Image-caption web data:
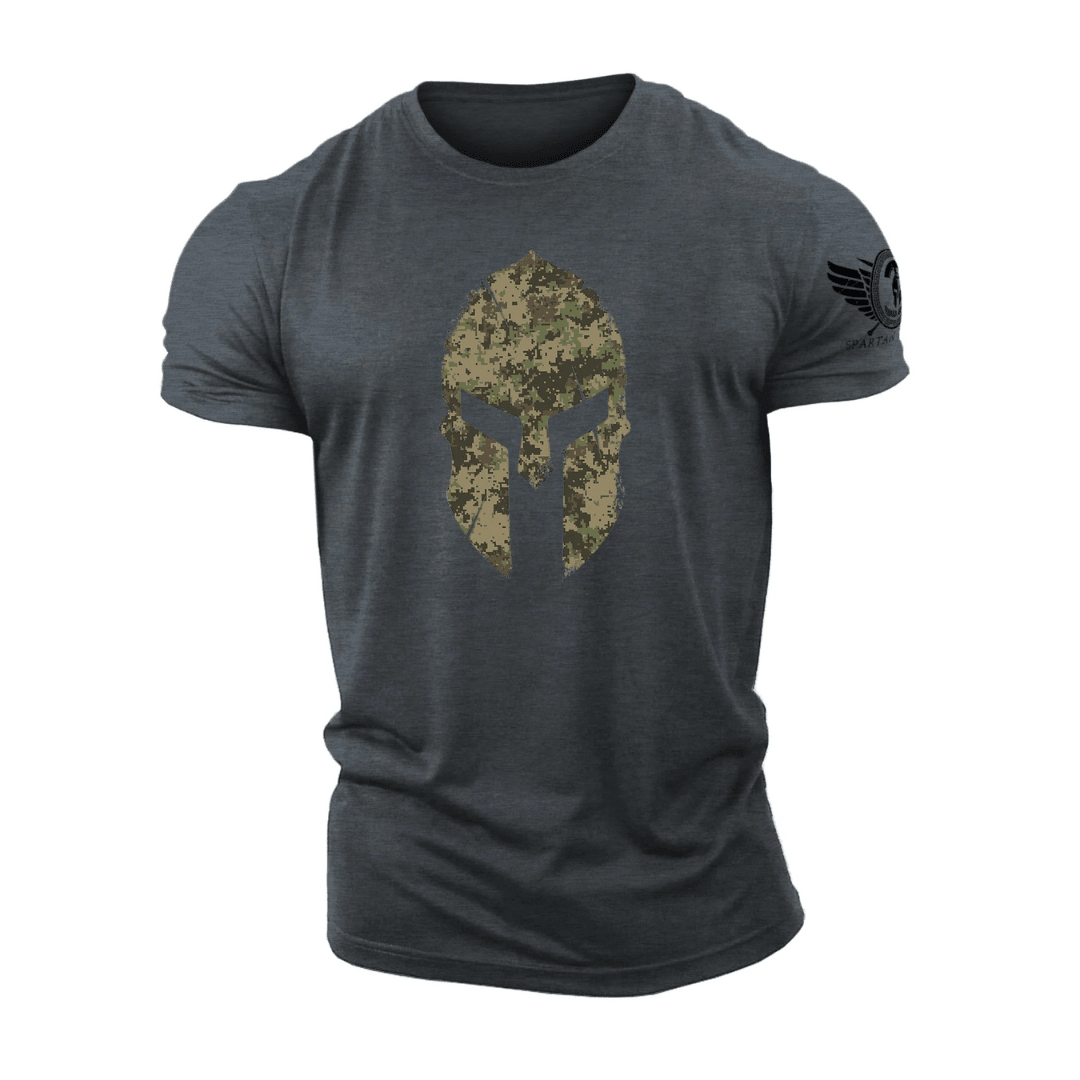 Spartan Helmet Woodland Camo - Gym T-Shirt - Ironfit
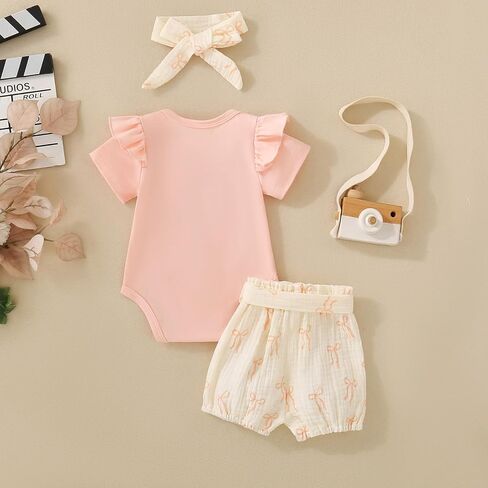 Newborn Girl Clothes Little Sister Summer Outfit Cotton Short Sleeve Romper Shorts Headband Baby Infant Toddler Girl Outfits in Kuwait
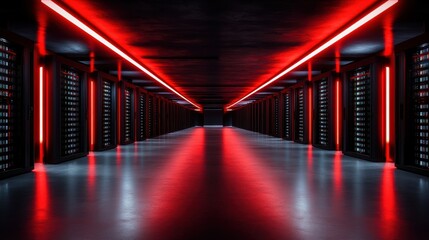 This image showcases a futuristic server room, illuminated by striking red LEDs, emphasizing a modern and technological atmosphere that conveys efficiency and power.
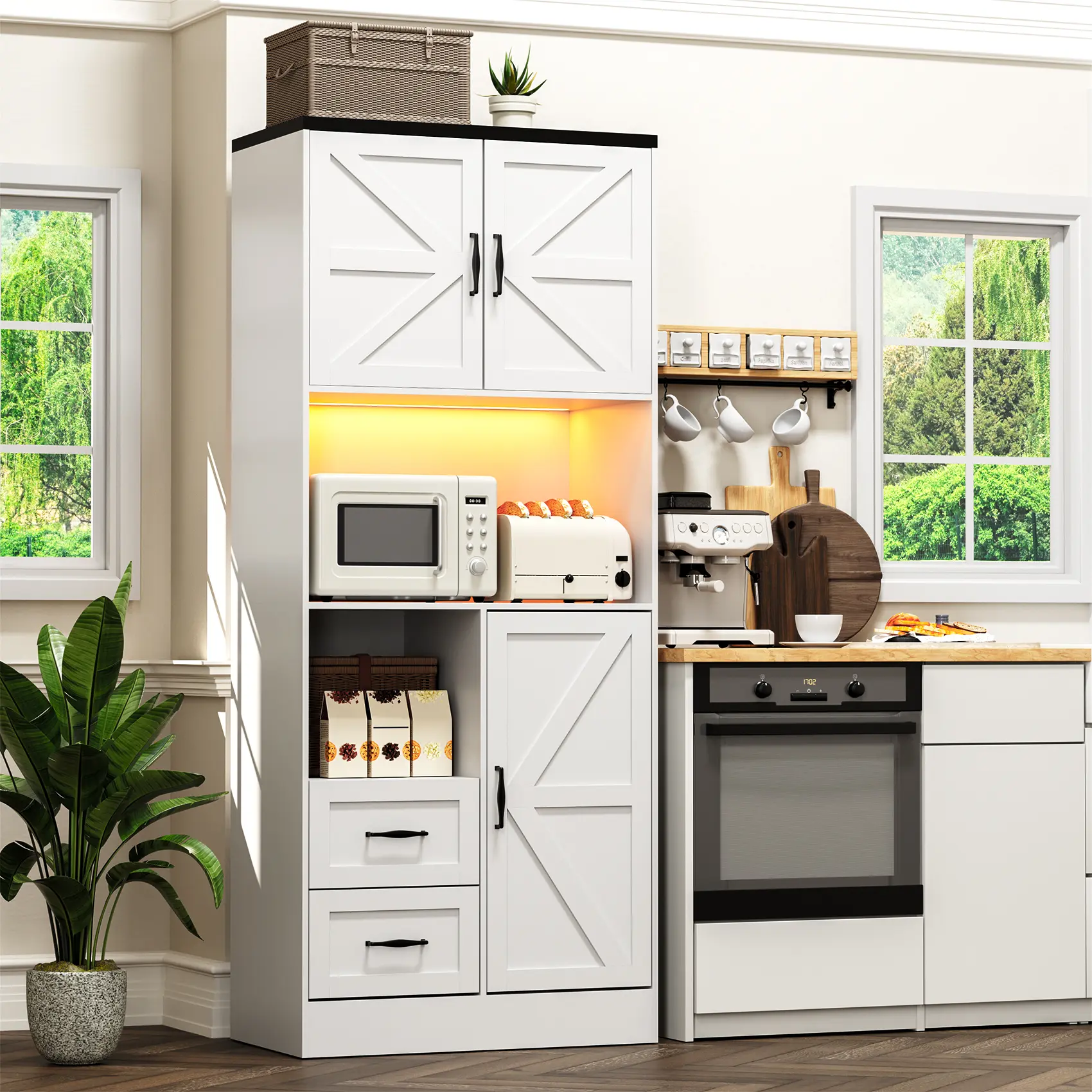 Kitchen Pantry Storage Cabinet with LED Lights and Power Strip, Tall Farmhouse Kitchen Pantry with Barn Doors and Drawers, Adjustable Shelves for Dining Living Room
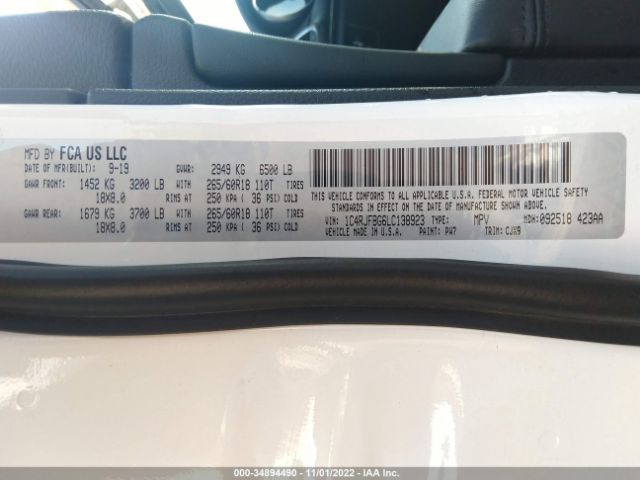 1C4RJFBG6LC138923 Jeep Grand Cherokee Limited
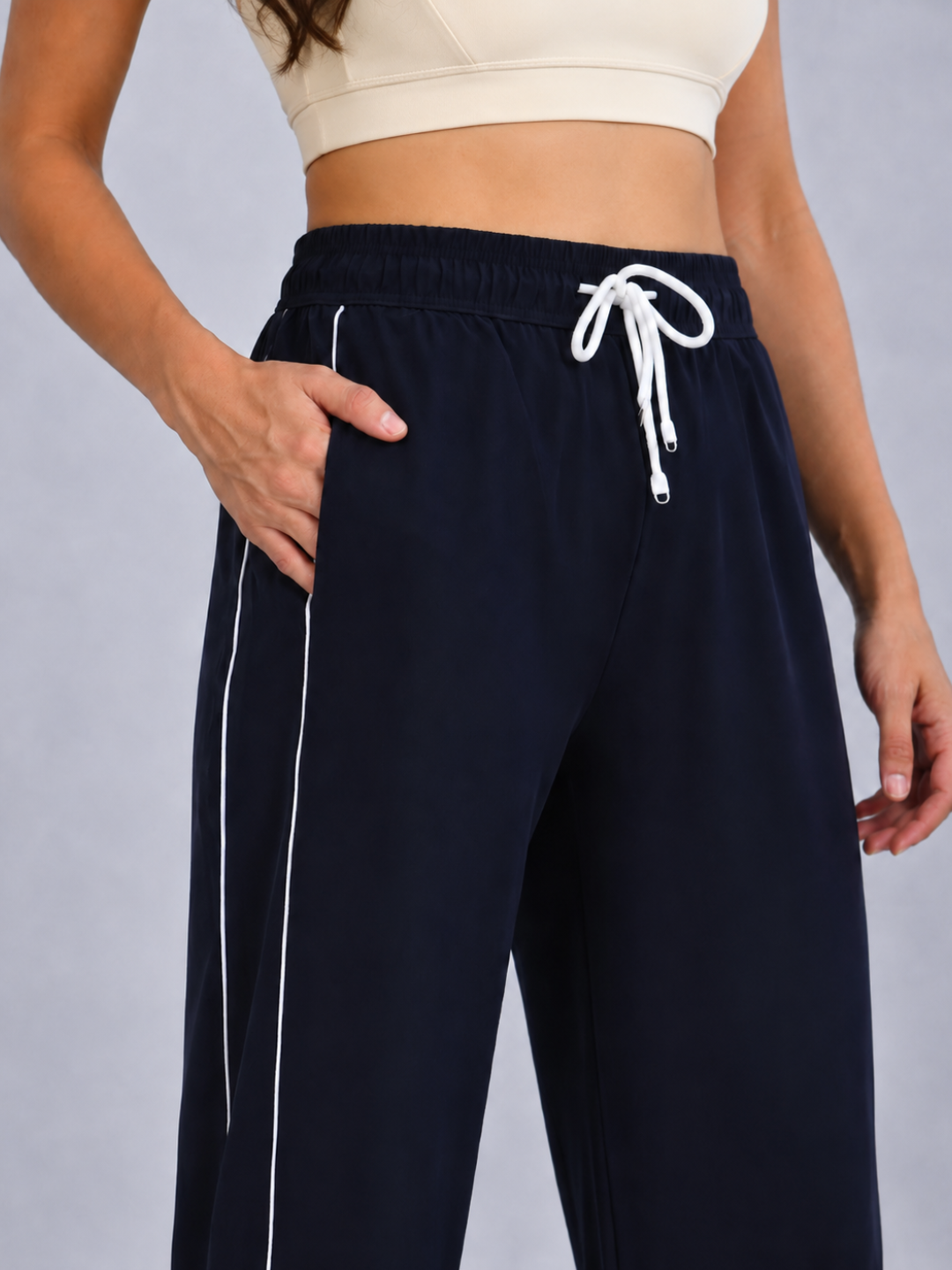 Women's Sports Track Pants with Side Stripes Navy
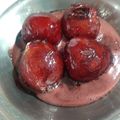 El cooksnap de Clau Campos cuando hizo Peras al vino tinto.
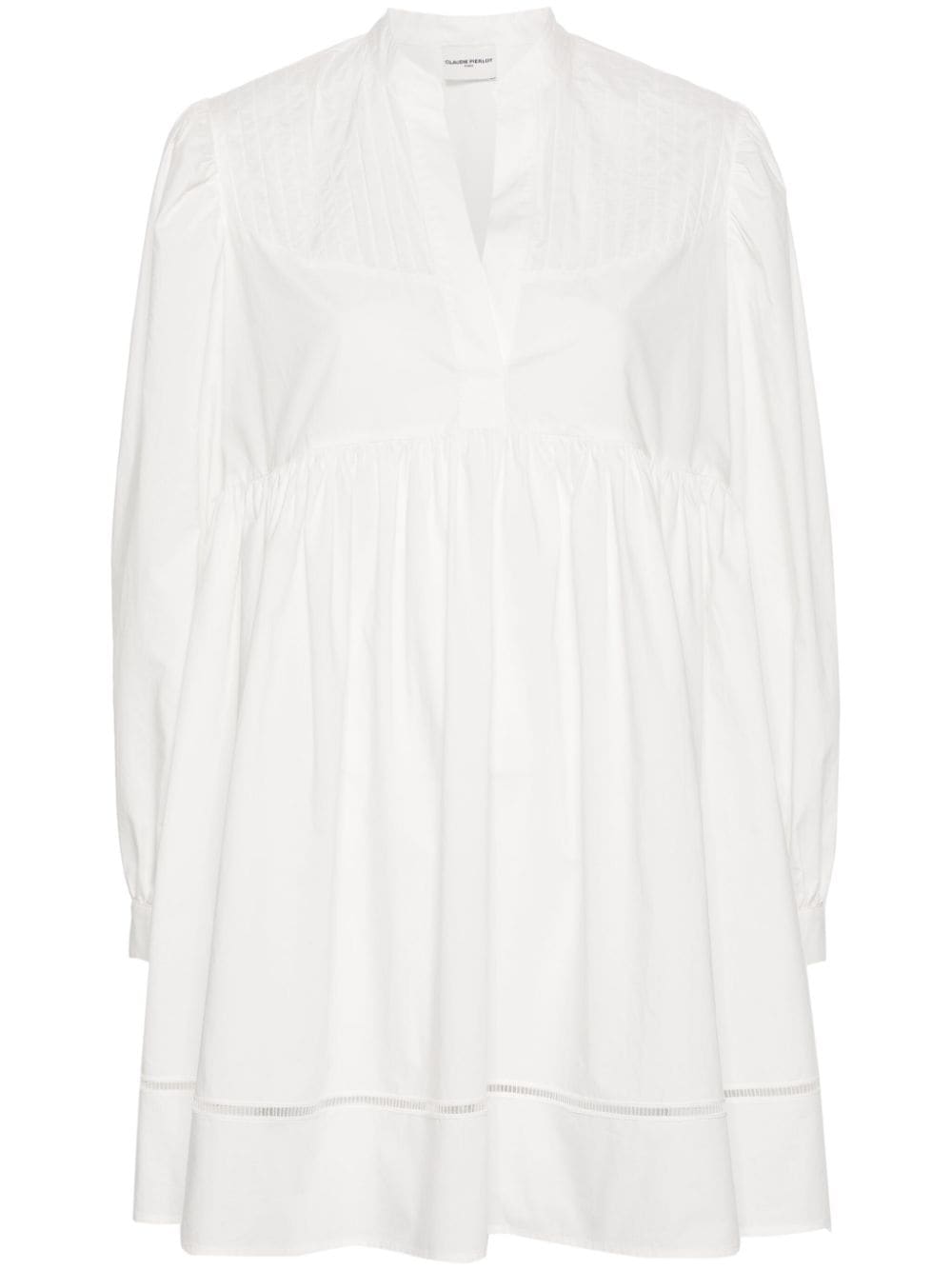 Claudie Pierlot pleated organic cotton minidress - White von Claudie Pierlot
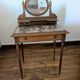 coiffeuse d'époque 1990 avec miroir  psyché orientable et marbre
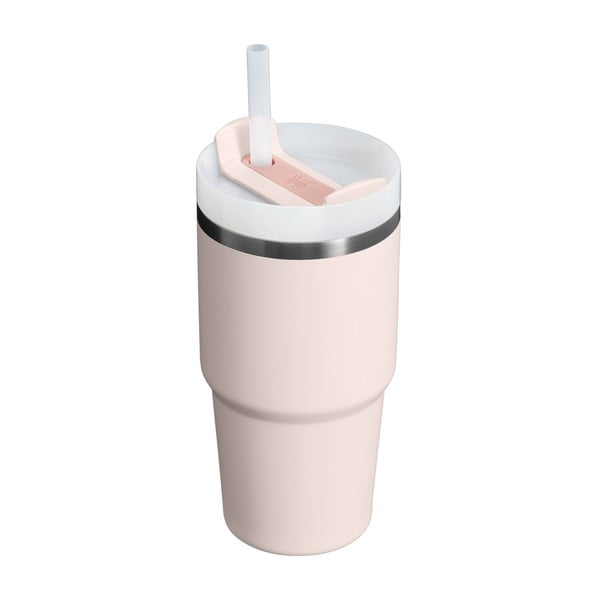 Šviesiai rožinės spalvos iš nerūdijančio plieno su šiaudeliu termosas 600 ml Quencher H2.0 FlowState Tumbler Rose Quartz – Stanley-image-1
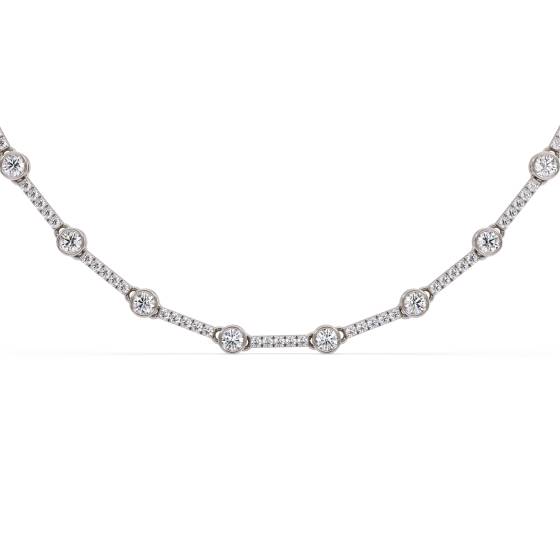 Elegant Round Diamond Cluster Tennis Necklace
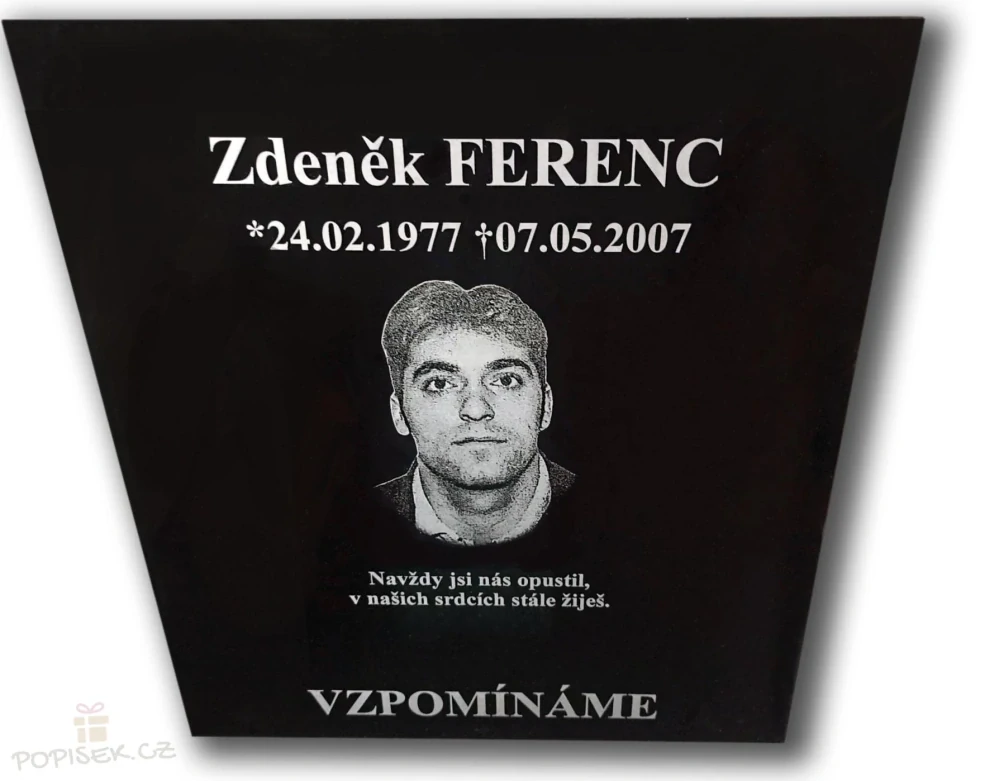 Náhrobní skleněná deska A5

> _Problem description_
Pick up at the line that holds "Šviesiai rožinės spalvos" and restate each line, word for word, through the last line of the entries. Include both end lines but none of the pictures.

> _Answer to this exercise_
 Šviesiai rožinės spalvos iš nerūdijančio plieno su šiaudeliu termosas 600 ml Quencher H2.0 FlowState Tumbler Rose Quartz – Stanley-image-1
 Elegant Round Diamond Cluster Tennis Necklace
 Náhrobní skleněná deska A5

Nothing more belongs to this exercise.